By Louisa Briggs interviewed Ben Miller | 25 August 2011
A photo of a woman looking at a piece of collage art across a wall
Curator's Choice: In her own words... Museums Sheffield Curator of Visual Art Louisa Briggs on How Much Longer You Bastards?, a 1983 work by Eddie Chambers which is currently part of the Blk Art Group show at the city's Graves Gallery.

"The Blk Art Group emerged at a time of social unrest and widespread racial tension throughout Britain during the early 1980s.

They were a group of radical young artists and art students who organised a series of exhibitions and events to raise the profile of contemporary black art practice in Britain at a time when black art was almost invisible.

Although the group altered over time, several artists remained at its core: Eddie Chambers, Claudette Johnson, Keith Piper, Donald Rodney and Marlene Smith.

Eddie Chambers created this work in 1983. It refers to the struggle against apartheid in South Africa.

There had been sustained and systematic discrimination against black people by the South African government and during the 1970s and 1980s uprisings and violence increased. In Britain, Barclays Bank became a symbol of the South African apartheid because of its involvement there.

There were widespread protests here aimed at companies with South African links demanding that they withdraw, and also at the Margaret Thatcher’s Conservative government for its refusal to impose economic sanctions.

How Much Longer You Bastards? describes the horror felt about the inhumanity and brutality of the situation in South Africa, but also the frustration about British companies’ refusal to engage with the issues.

It’s not only the subject matter and context in which the work was made that I find interesting. The work itself has a strong visual impact.

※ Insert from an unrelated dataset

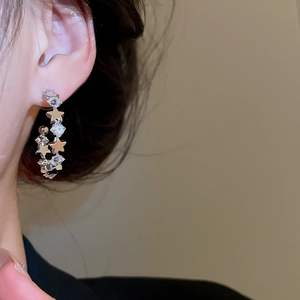 Detailed view of silver C-shape hoop earrings with sparkling zircon stars on ear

Chambers often used found images in his work and here he has incorporated the shares pages from The Financial Times, part of a Barclays Bank billboard and a well-known media photograph from the Soweto uprising of 1976 which shows parents carrying their dead child. Although this work was created almost 30 years ago, it has lost none of its power. 

Sheffield held several key exhibitions of contemporary black artists’ work during the 1980s, and most of these pieces were collected though those exhibitions. A lot of them are made from everyday materials and were created 30 years ago, so they haven’t stayed in a very good condition.

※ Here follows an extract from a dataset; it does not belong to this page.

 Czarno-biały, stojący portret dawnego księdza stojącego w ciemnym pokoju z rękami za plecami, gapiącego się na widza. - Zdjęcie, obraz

This has meant that we haven’t been able to display them for a long time. This exhibition was the opportunity to conserve these significant works from the collection and get them back out on display.

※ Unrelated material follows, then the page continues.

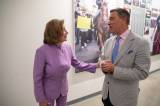 Nancy Pelosi talking with KQED reporter Scott Shafer, placing a hand gently on his arm in a hallway.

This has been a fantastic exhibition to work on. Since I began working in Sheffield four years ago, I’ve wanted to curate an exhibition focusing on the Blk Art Group – not only because the group itself was so important in raising the profile of black art in Britain, but also because we have such fantastic works by the artists in our collection.”

  • Blk Art Group is at the Graves Gallery until March 24 2012.